PROMPT = The records below must be copied out completely and exactly.
======== EXTRACTED DATA ========
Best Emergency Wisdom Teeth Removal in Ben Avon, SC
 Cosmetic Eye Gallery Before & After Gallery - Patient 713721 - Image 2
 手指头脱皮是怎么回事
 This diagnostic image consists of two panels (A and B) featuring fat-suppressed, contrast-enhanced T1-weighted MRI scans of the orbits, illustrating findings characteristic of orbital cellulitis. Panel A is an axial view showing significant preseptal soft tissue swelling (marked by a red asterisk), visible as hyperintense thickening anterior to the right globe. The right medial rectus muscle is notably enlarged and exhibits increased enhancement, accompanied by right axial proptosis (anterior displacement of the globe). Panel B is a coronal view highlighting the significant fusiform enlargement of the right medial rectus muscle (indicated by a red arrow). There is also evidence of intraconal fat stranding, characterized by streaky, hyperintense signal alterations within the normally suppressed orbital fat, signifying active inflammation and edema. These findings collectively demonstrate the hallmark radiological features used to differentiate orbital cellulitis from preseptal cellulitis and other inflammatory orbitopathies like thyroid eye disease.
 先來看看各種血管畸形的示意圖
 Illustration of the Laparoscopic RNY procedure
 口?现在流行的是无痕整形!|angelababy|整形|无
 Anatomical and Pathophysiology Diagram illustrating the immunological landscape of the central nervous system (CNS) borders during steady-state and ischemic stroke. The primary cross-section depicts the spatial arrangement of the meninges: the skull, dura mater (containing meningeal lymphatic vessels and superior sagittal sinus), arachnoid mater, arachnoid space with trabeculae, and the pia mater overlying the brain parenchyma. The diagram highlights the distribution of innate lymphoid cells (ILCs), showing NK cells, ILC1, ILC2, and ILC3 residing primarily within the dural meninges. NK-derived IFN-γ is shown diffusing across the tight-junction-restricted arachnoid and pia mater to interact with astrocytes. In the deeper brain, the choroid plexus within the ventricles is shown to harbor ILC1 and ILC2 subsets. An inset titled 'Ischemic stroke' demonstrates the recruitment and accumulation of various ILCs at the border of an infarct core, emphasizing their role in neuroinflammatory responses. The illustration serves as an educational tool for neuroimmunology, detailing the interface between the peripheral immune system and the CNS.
========
SOLUTION TO THIS PROBLEM =
Best Emergency Wisdom Teeth Removal in Ben Avon, SC
 Cosmetic Eye Gallery Before & After Gallery - Patient 713721 - Image 2
 手指头脱皮是怎么回事
 This diagnostic image consists of two panels (A and B) featuring fat-suppressed, contrast-enhanced T1-weighted MRI scans of the orbits, illustrating findings characteristic of orbital cellulitis. Panel A is an axial view showing significant preseptal soft tissue swelling (marked by a red asterisk), visible as hyperintense thickening anterior to the right globe. The right medial rectus muscle is notably enlarged and exhibits increased enhancement, accompanied by right axial proptosis (anterior displacement of the globe). Panel B is a coronal view highlighting the significant fusiform enlargement of the right medial rectus muscle (indicated by a red arrow). There is also evidence of intraconal fat stranding, characterized by streaky, hyperintense signal alterations within the normally suppressed orbital fat, signifying active inflammation and edema. These findings collectively demonstrate the hallmark radiological features used to differentiate orbital cellulitis from preseptal cellulitis and other inflammatory orbitopathies like thyroid eye disease.
 先來看看各種血管畸形的示意圖
 Illustration of the Laparoscopic RNY procedure
 口?现在流行的是无痕整形!|angelababy|整形|无
 Anatomical and Pathophysiology Diagram illustrating the immunological landscape of the central nervous system (CNS) borders during steady-state and ischemic stroke. The primary cross-section depicts the spatial arrangement of the meninges: the skull, dura mater (containing meningeal lymphatic vessels and superior sagittal sinus), arachnoid mater, arachnoid space with trabeculae, and the pia mater overlying the brain parenchyma. The diagram highlights the distribution of innate lymphoid cells (ILCs), showing NK cells, ILC1, ILC2, and ILC3 residing primarily within the dural meninges. NK-derived IFN-γ is shown diffusing across the tight-junction-restricted arachnoid and pia mater to interact with astrocytes. In the deeper brain, the choroid plexus within the ventricles is shown to harbor ILC1 and ILC2 subsets. An inset titled 'Ischemic stroke' demonstrates the recruitment and accumulation of various ILCs at the border of an infarct core, emphasizing their role in neuroinflammatory responses. The illustration serves as an educational tool for neuroimmunology, detailing the interface between the peripheral immune system and the CNS.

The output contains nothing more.